Do you really want to know what proportion _have_ both A and B?
Wouldn't it be equally informative to know instead what proportion
_lack_ both A and B; or, equivalently, what proportion have at least
one of A or B? Unless one of those it options is clearly better than
the other, I would suggest averaging the two approaches, which leads
to simply pAi+pBi as the combination measure. This would be equivalent
to giving each house a "feature count" score, and then using the
average feature count at each level in the PCA. It can also be easily
extended to situations where there are more than two features, and
(imho) is more in the "linear combination" spirit of PCA than the
proportion having or lacking all the features in the set would be.
That's closer to the spirit of my own post on the 14th -- coming
up with a score.
I suggested a couple of other versions of score, which may be
interesting since there are unequal proportions.
[snip, rest]
--
Rich Ulrich
Thanks again Rich and Ray,
When you say pAi + pBi is equivalent to a 'feature count score' I'm
not exactly following. I had some similar trouble understanding the
scoring system that Rich suggested. Could one or both of you try to
explain that to me again? If I understand it, then I would be able
to add the percentage of houses that contain A to the percentage of
houses that contain B at each level and use that as the new variable.
My confusion is coming from the issue of having then greater than 100%
of houses with both features - I guess I'm asking: why is it valid to
add percentages?
Well, in the sense that you merely want an indicator variable
with a continuous scale, adding percentages gives you one.

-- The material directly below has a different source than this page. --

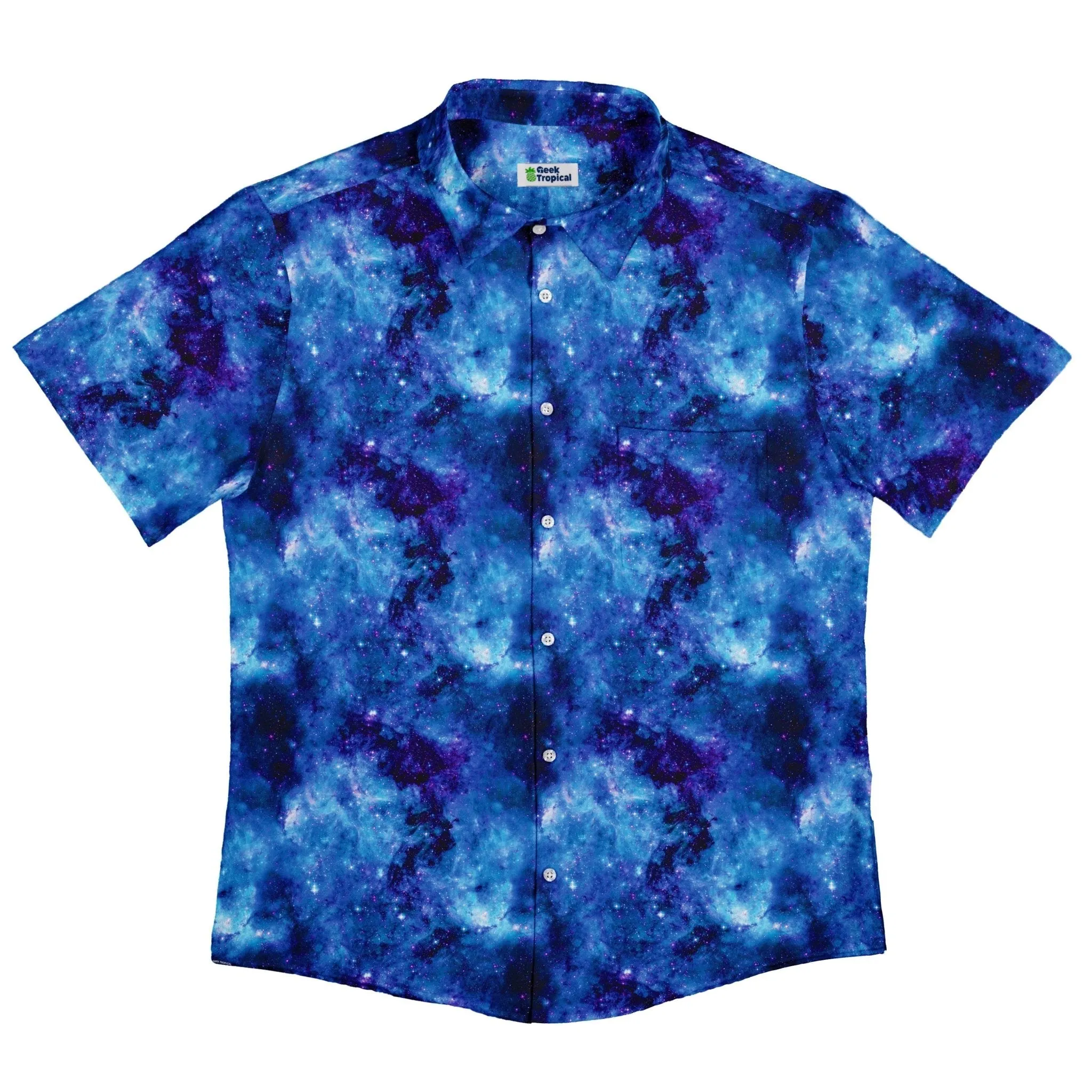 Blue Purple Nebula Space Button Up Shirt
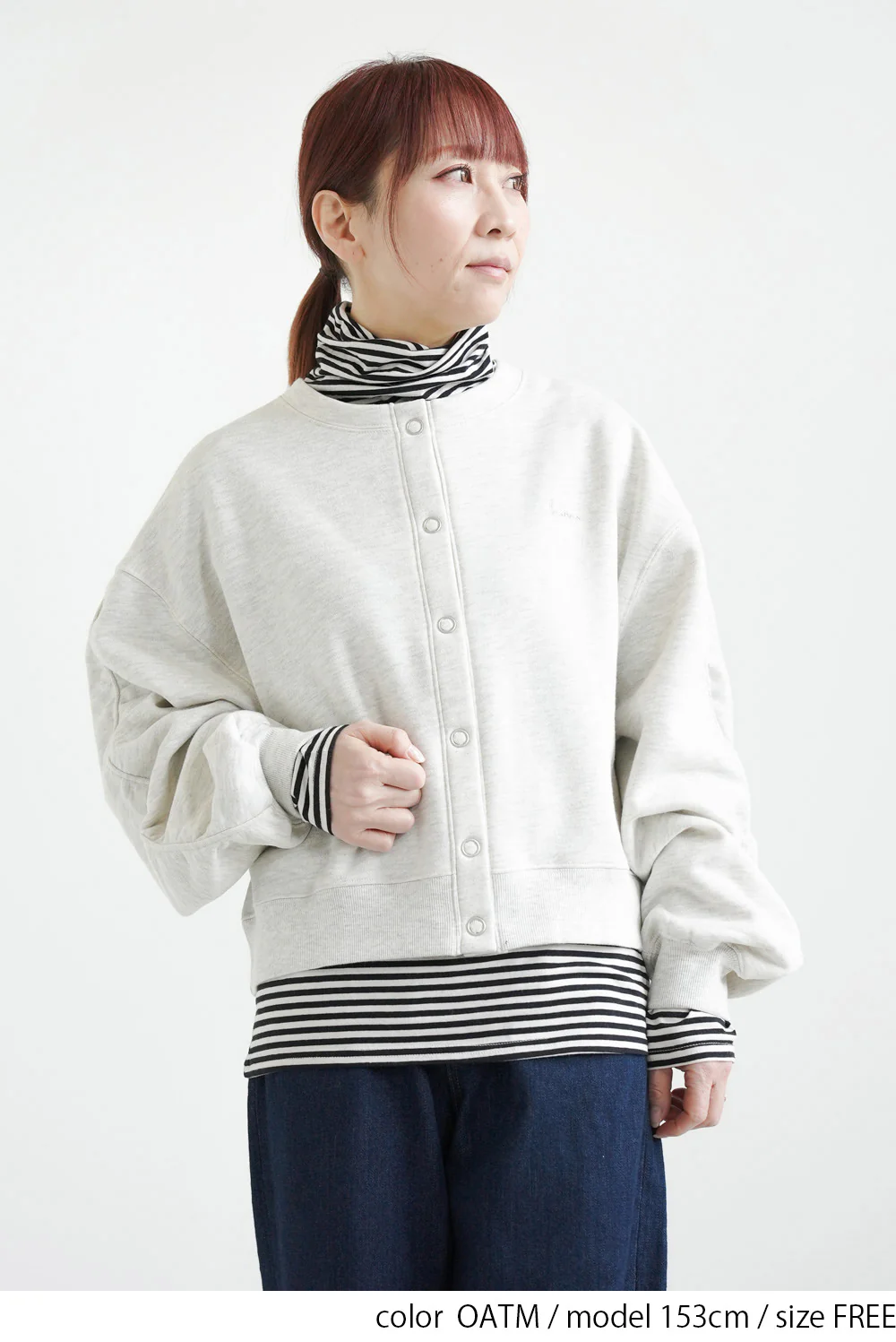 袖シャーリング釦カーディガン - Image 13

If you want a meaningful number, you may (say) assume
independence, and estimate the "percentage with both"
or "percentage with neither", or whatever cell you deem
interesting -- so that it will be easiest to talk about.
I originally thought that you had the flexibility of scoring
each house, and that led me astray.
--
Rich Ulrich
Oh I see... okay so it says nothing meaningful in and of itself,
But it is meaningful! Don't think of pA and pB as proportions or
percents, but as means of the "real" variables, A and B, which are
indicators. Each house has a score on each variable: 1 = present,
0 = absent. With this coding, the mean of each variable happens to
also be a proportion, but it's primarily a mean.
Then make a new variable, T=A+B. Each house has score, 0/1/2,
which equals the number of features it has. The mean of T is the
sum of the means of A and B, or pA+pB, and is between 0 and 2.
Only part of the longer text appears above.